Just as soon as Bush and Cheney go to jail for destroying the Constitution, I'll worry about Jose and Maria.
Yes, there are people here who slipped across the border. There are also post-graduates who overstayed education visas, and H1Bs who took jobs away from Americans, and got special consideration from government agencies.
Where illegals have taken jobs, we know they will be pressured to accept low (illegal) wages. This race to the bottom hurts all our citizens. Sure, we can round up the illegals and ship them home, but the real solution is to jail the employers. No jobs, no illegals.
A 700 mile fence? Built by the same Texas millionaire contractors who gave us Iraq?
We now have ICE (Immigration and Customs Enforcement) agents rounding up people for old offenses, minor offenses, or no offenses at all. This is pure political bluster. It is the vicious side of the rusty grenade.
What worries me is that brown-skinned illegals are just the practice run. Transnational corporate neocons and their GOP (and DLC) spokesmodels have shown their true colors by voting repeatedly to destroy the Constitution.
We've tried roundups of citizens before.
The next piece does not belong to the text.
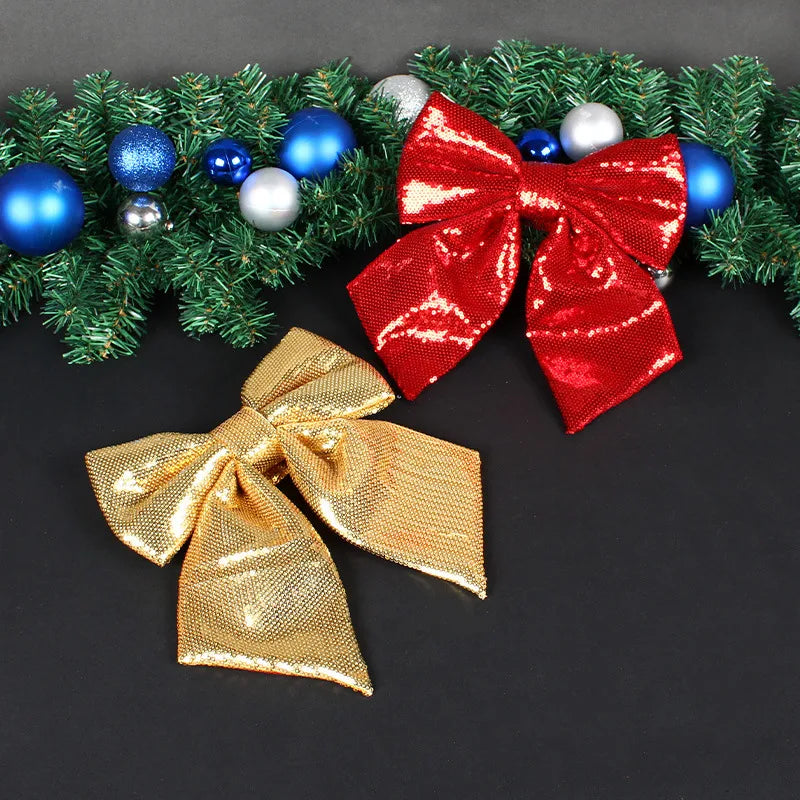 Christmas Basic Sweet Bow Knot Cloth Indoor Party Festival Hanging Ornaments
It takes generations to recover for both the victims and the perpetrators. We can't afford to allow ICE agents to continue their roundups.
I believe this is where "immigration" activists can best connect with mainstream US citizens. Get the Libertarians involved. If the Minutemen had any idea at all what was going on, they'd be shooting the ICE agents, not the immigrants.
I've heard it is illegal to help illegals.
Let me get this right. Poor, dark-skinned, troubled people struggling to escape unbearable conditions and make a new life for themselves and their children. If caught, they are tortured and shipped back where they started. If any whites try to help them, the whites are considered criminals.
Can you say Underground Railroad?
Yes, we have a mess, driven by transnationals and their NAFTA, CAFTA disasters. Let's take care of people who are here, and clean up the mess that drove them to immigrate. Can you really believe a descendent of the Aztecs will be happy in Minnesota?
We already tried amnesty. It didn't work. I do not give away citizenship so easily. No more amnesty programs.
This is better than ICE agents in the night, or amnesty. But it doesn't solve the carrying capacity problem. Let's do what we can to help the source nations clean up and provide quality living there.
Like Fair Trade and adding eco and labor regulations to treaties.
Some of us have taken actions to have *fewer* than replacement children, purchase and maintain land in a relatively robust form (woods and wildflowers rather than petroleum-based green lawns), and put our purchasing power into organic and "local food" activities. We need to recognize and appreciate one another.
Some cultures (e.g., Native American and the brown-skinned immigrants from the South) are already well-attuned to North America's ecosystems. We need an infusion of the techniques and spiritual values these people can bring to the table.
And we need to enjoy living well by living softly on the Earth. Only then will those not so enlightened notice, become envious, and eventually beg to be let in on the secret.